The recording command and recording data sent to each string are
By the disk control circuits 63, 64 etc. provided for each path,
The actual disk devices 65 to 68 are designated and recorded.

FIG. 5 shows an example of a disk drive circuit. The recording instruction for each string stored in the drive register 631 and the data divided in parallel are decoded and executed by the microprocessor 632 according to the procedure stored in the program memory 633. Instructions such as head access and rotational position detection among instructions are stored in a register 634, executed by a microprocessor 635 and a program memory 636, and set to a head access track number in an access register 637 to start an access mechanism 636. Further, the microprocessor 635 monitors the rotation position detection circuit 640 of the disk drive motor 639 and notifies the microprocessor 632 of the timing for recording data. Data is stored in a buffer memory 641, and when the head reaches the recording area, the modulation discrimination circuit 642 and the recording / reproducing circuit 643
The recording current is passed through 4 to be recorded on the disk.

At the time of data reproduction, the number of divisions (for example, two divisions) of the data set to be reproduced, disk numbers (for example, disk devices 68, 95) and the like are read from the management table 4 and all the corresponding disks (for example, disk devices 68, 95) are read. The sub-drive controller 3 converts the data to be reproduced in parallel to serial data and sends it to the computer. In order to perform these recording / reproducing operations smoothly, it is desirable that the devices be synchronized in rotation (at least within the sub-disk).

In the present embodiment, one disk device per string is selected and used as a subdisk. However, if there are a plurality of paths per string, up to the number of passes, the disk device can be recorded and reproduced at the same time even if the disk device is a subdisk in the same string.
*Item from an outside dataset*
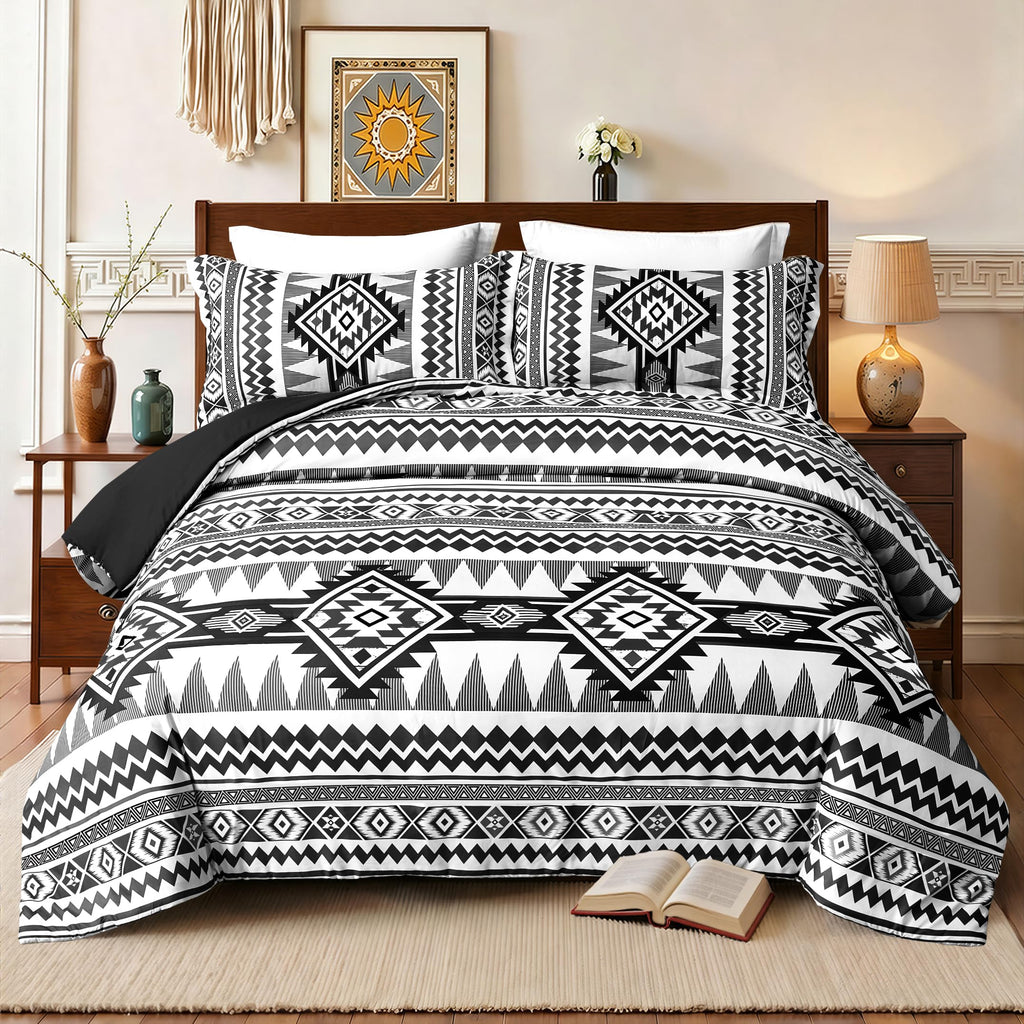Tyrot Dark Brown King Size Comforter Set – 3 Piece Boho Aztec Western Bedding Sets, Soft Lightweight Comforter for All Seasons, Southwestern Style, 1 Comforter & 2 Pillow Shams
Is possible, and in the above embodiment, two disk devices (for example, 65, 66) in the same string may be used as sub disks.

Further, in the present embodiment, the example has been described of an example of a maximum of 4 divisions, 4 strings, 4 devices / string, and 2 passes / string, but the number of strings n _S , the number of disk devices per string n _D , and the number of passes per string n _P Has no restrictions. At this time, the maximum N of the number of data divisions is N = n _S × n _P (n _P <n _D ) or N = n _S × n _D (n _P <N _D ).

In the above embodiment, the disk device is provided with one head access mechanism. However, a pipe having an independent head access mechanism per disk device may be allocated by considering these as separate disks connected to the same string. .

In the above embodiment, the number of divisions is changed according to the length of data, and the number of divisions is increased as the data lengthens. However, the number of divisions may be changed according to the transfer speed requested by the user. At this time, the transfer speed when one head performs recording and reproduction is D _R
Then, if recording and reproduction are performed simultaneously with n divided heads and n heads, the overall transfer speed is D _R × n.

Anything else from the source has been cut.